Du sur-mesure Éric Heudicourt et Vincent Dumoulin, président et vice-président de l’association Première ligne qui regroupe les professionnels du secteur des moins de 9 places, militent pour la reconnaissance de leur activité auprès des transporteurs et des collectivités.

Pourquoi avoir créé l’association Première ligne?

Éric Heudicourt: Après avoir quitté la présidence de Vortex en 2011, j’ai voulu créer Première ligne parce qu’il était nécessaire que les entreprises spécialisées dans les véhicules de moins de 9 places soient représentées. J’y pensais déjà depuis deux-trois ans. Et il n’y avait pas de structure capable de rassembler ces professionnels.

Vincent Dumoulin: Il faut bien comprendre que c’est un nouveau métier. Éric Heudicourt, en fondant Vortex en 1999, puis Première ligne, a quasiment créé ce métier! Aujourd’hui, il y a une quinzaine d’entreprises adhérentes à l’association, plutôt de grosses structures du secteur, ce qui représente environ 5 000 véhicules, et une cinquantaine de sympathisants. Les entreprises y trouvent leur intérêt. Première ligne leur permet d’entrer dans la discussion. J’ai le sentiment qu’on a tiré la profession vers le haut.

Que représente ce secteur dans le monde du transport?

V.D.: On estime qu’il y a à peu près entre 20 000 et 30 000 entreprises qui exploitent des véhicules de moins de 9 places. Mais pour 90 % d’entre elles, ce sont des entreprises qui ont un ou deux salariés, voire même une seule personne qui exerce avec son propre véhicule. À côté, il y a une trentaine d’entreprises de taille plus importante.

E.H.: C’est environ 500 millions d’euros de chiffre d’affaires en France pour le transport de personnes à mobilité réduite, et près d’un milliard pour le transport à la demande.

Quels sont les objectifs de Première ligne?

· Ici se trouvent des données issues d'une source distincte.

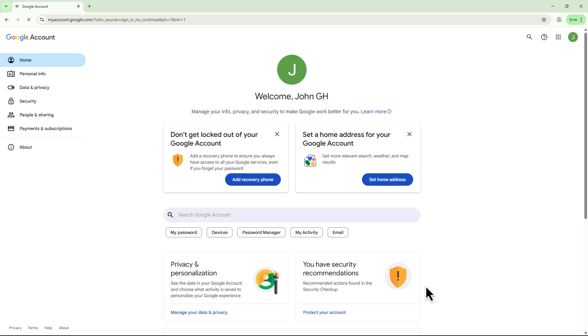If Google still asks for a phone number, try switching to incognito mode or use a different browser or device. That usually works. And that's how easy it is to set up a Gmail account without using your phone number.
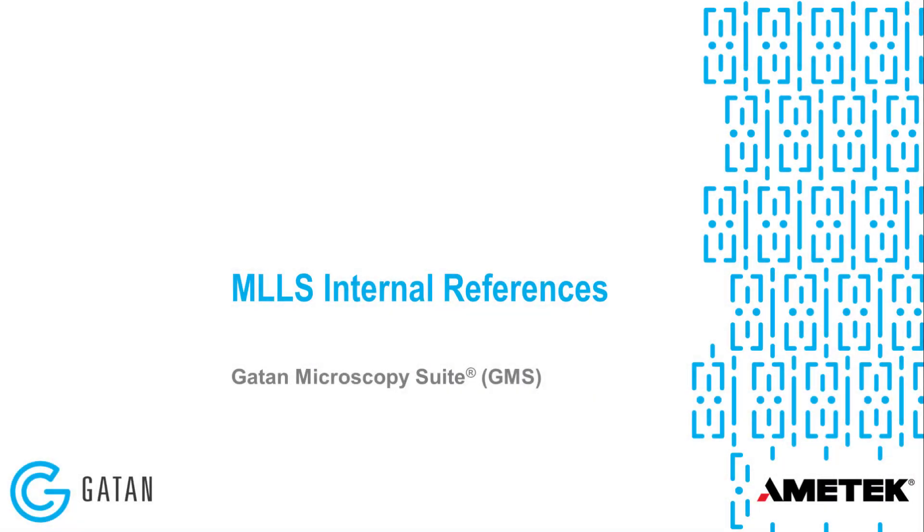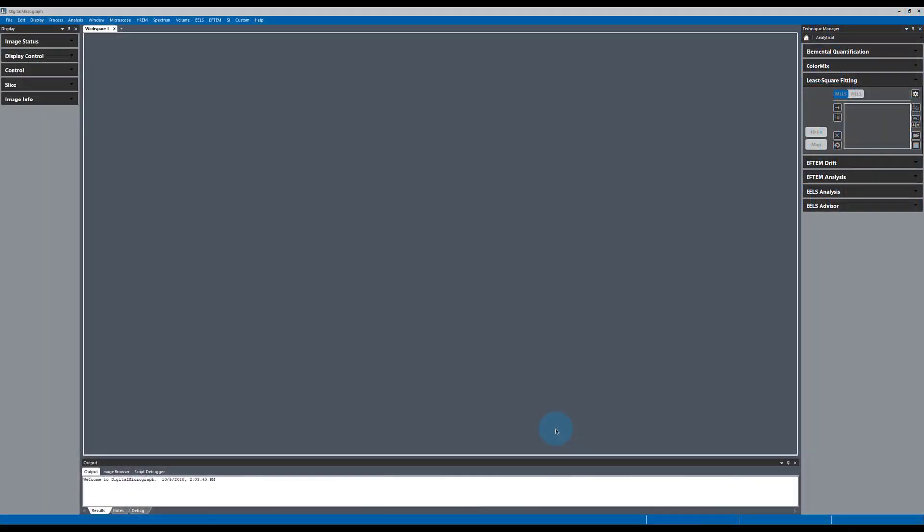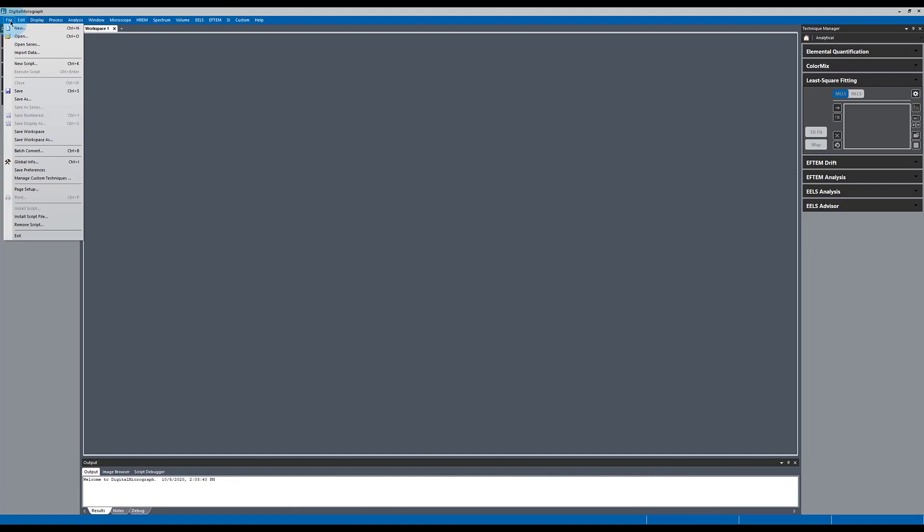We'll talk about multiple linear least squares fitting using internal references. Let's get started by opening some data.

E.H.: Notre prochaine étape, c’est de fédérer les entreprises plus petites. Nous faisons un travail pédagogique dans ce sens-là. Nous organisons des réunions d’adhérents, et nous faisons ponctuellement des présentations de Première ligne. Beaucoup de ces professionnels sont concentrés sur leur métier et ne voient pas les enjeux du secteur. Nous avons signé un partenariat avec la FNTV en mai dernier, ce qui va nous permettre de donner de la force à notre discours.

Quels sont les enjeux du secteur?

V.D.: Ce que les gens ne savent pas en général, c’est que les véhicules de moins de 10 places sont sous l’égide de la même convention collective que les transporteurs classiques. Mais cette convention est faite pour les autocars, pas pour nous! Il faudrait que cette réglementation soit assouplie, même si c’est difficile de se faire entendre.

E.H.: Par exemple, nous transportons souvent des enfants handicapés. Si un jour, exceptionnellement, il faut aller chercher un de ces enfants à 10 heures au lieu de 9 heures, on le fera. Alors que l’autobus passe à 9 heures et lui, n’attend pas. On fait du transport public sur mesure, à la demande des conseils généraux.

V.D.: Nous siégeons aussi à la commission sociale de la FNTV. En ce moment, nous participons aux discussions pour l’adoption d’un accord de branche pour obtenir une dérogation à l’accord sur le temps partiel, en vigueur depuis le 1er juillet et décidé par le Medef et les centrales syndicales. Cet accord implique que le temps partiel ne pourra pas être inférieur à 24 heures par semaine. C’est, en l’état, une catastrophe, car dans le transport scolaire, nous embauchons beaucoup de salariés à temps partiel sur des durées forcément inférieures. Il renchérit nos coûts de 40 %, ce qui n’est évidemment pas supportable. Des entreprises risquent de disparaître et les collectivités feront appel aux taxis, ce qui leur coûtera beaucoup plus cher dans un contexte où les collectivités manquent d’argent. La signature de l’accord devrait avoir lieu d’ici la fin de l’année, ou début 2015.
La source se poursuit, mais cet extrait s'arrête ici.